Well, no one is perfect.
The film stars Keanu Reeves, Robert Downey, Jr., Woody Harrelson and Winona Ryder whose likenesses were altered via an interpolated rotoscope technique that must have been developed by Roto-Rooter. This is the same annoying special effect used in the deplorable Charles Schwab commercials which ran a year or two ago. At least Chuck's TV ads only lasted sixty seconds; A SCANNER DARKLY plods along at 100 minutes. This may not sound like much, but you would swear this is significantly longer than the gestation period for a rogue elephant.

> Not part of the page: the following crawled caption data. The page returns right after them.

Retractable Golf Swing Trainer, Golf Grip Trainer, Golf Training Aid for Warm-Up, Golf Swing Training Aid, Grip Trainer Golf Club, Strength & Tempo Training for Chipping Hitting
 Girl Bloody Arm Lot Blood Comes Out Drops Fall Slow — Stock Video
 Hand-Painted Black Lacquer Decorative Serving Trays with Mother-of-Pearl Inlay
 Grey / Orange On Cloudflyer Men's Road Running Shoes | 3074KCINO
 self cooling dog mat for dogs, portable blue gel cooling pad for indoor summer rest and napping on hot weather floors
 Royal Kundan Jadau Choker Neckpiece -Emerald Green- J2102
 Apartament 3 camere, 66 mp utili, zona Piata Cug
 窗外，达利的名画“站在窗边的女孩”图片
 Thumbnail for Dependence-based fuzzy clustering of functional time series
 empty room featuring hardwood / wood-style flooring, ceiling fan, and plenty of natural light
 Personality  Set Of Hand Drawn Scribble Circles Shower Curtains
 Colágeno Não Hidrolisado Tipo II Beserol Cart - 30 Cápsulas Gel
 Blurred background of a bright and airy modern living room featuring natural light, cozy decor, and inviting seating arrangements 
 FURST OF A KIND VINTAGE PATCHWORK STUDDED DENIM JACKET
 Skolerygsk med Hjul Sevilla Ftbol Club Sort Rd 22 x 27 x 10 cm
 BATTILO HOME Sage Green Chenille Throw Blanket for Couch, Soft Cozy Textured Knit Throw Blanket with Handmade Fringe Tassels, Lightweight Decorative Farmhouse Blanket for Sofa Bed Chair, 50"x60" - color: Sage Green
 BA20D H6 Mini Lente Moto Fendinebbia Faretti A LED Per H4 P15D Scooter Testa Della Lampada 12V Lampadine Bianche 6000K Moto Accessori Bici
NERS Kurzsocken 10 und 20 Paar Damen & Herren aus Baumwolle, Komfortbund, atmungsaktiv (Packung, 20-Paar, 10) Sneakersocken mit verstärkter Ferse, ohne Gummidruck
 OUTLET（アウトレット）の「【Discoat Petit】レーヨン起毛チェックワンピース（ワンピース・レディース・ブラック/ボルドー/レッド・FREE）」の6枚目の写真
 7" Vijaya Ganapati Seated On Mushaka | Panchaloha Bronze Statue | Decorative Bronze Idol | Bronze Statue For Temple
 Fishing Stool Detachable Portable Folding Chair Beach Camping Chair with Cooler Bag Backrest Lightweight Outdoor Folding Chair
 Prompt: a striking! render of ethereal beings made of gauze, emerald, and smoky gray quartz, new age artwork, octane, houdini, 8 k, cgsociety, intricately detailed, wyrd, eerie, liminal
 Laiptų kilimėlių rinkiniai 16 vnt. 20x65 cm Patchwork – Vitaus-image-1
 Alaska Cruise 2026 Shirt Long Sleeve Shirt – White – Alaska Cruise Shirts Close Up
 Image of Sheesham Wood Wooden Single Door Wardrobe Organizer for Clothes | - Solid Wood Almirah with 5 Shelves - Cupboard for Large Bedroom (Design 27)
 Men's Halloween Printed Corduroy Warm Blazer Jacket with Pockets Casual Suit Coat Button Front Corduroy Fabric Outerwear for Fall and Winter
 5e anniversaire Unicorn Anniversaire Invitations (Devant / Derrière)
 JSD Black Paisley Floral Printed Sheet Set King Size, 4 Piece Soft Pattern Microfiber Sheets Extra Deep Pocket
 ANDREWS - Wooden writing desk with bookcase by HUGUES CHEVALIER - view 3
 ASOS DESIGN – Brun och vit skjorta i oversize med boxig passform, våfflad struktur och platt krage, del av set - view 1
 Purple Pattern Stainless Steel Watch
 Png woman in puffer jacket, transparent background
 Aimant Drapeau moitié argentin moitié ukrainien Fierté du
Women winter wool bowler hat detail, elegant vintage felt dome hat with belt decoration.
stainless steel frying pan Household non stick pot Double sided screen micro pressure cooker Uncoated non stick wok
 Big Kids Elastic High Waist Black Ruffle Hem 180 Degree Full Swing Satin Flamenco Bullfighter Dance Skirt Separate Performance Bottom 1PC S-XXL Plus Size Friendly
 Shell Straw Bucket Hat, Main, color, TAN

A key ingredient within the underlying story is a drug referred to as "Substance D" because it induces "dumbness, despair, desertion and death." Except for the "death" part, this pretty much describes A SCANNER DARKLY. If you're looking for a satisfactory head trip, you best look elsewhere...Chama, perhaps, where the smoke in the air isn't exclusively from the Cumbres & Toltec Railroad.
An aside: One of the first rotoscoped Charles Schwab commercials featured Suzanne Savoy, a close friend, a terrific actress and an even better person. Should any casting directors happen to stumble across this posting I sincerely hope they will consider Suzanne for their next project. One can do no better.